◆ TO DO:
A single number is wanted: how many lines of the data below include the string "Light"?

━━━

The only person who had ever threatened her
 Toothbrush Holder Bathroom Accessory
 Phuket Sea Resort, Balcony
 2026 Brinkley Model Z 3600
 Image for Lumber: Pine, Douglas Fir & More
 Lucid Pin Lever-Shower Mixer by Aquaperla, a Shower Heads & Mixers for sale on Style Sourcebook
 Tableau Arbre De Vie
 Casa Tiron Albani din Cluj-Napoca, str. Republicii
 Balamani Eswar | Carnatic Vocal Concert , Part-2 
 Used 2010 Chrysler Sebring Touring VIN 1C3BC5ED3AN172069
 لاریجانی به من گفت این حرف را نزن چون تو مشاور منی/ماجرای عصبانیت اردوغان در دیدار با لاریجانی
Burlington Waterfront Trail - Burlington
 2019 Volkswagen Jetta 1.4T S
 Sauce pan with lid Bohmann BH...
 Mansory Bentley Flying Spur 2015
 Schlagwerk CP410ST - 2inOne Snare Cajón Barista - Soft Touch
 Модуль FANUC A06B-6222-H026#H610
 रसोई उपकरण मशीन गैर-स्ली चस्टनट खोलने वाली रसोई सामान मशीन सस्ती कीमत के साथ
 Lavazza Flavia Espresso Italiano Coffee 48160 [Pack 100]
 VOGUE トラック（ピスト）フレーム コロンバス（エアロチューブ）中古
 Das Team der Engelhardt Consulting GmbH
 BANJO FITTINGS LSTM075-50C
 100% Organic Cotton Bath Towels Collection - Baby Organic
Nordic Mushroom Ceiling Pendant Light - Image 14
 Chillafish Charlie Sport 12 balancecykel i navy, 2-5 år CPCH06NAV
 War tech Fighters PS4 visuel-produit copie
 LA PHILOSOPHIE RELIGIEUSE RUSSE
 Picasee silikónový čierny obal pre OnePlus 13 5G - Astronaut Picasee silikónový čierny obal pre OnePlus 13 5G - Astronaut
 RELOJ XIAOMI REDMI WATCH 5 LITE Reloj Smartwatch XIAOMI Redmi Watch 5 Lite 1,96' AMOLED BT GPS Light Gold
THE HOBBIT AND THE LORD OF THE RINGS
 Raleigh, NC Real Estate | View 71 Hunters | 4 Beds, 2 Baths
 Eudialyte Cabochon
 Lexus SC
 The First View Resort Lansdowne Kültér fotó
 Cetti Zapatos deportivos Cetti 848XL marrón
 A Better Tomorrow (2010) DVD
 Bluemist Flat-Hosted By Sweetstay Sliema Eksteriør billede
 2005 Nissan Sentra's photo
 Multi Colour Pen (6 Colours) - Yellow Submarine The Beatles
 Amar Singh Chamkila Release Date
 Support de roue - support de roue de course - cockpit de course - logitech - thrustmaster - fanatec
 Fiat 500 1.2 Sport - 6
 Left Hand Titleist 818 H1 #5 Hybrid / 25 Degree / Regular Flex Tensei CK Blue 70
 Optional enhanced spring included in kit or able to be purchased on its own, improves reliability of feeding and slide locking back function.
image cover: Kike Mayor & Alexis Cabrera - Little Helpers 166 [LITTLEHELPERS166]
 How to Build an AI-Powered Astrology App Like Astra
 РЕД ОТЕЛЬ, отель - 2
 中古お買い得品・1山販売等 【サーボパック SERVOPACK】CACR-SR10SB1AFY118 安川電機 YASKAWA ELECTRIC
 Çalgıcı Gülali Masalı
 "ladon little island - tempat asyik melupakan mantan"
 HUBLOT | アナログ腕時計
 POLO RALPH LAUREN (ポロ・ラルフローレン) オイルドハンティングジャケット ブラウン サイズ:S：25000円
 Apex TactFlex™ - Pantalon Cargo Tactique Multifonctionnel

━━━

◆ FINISHED TASK:
2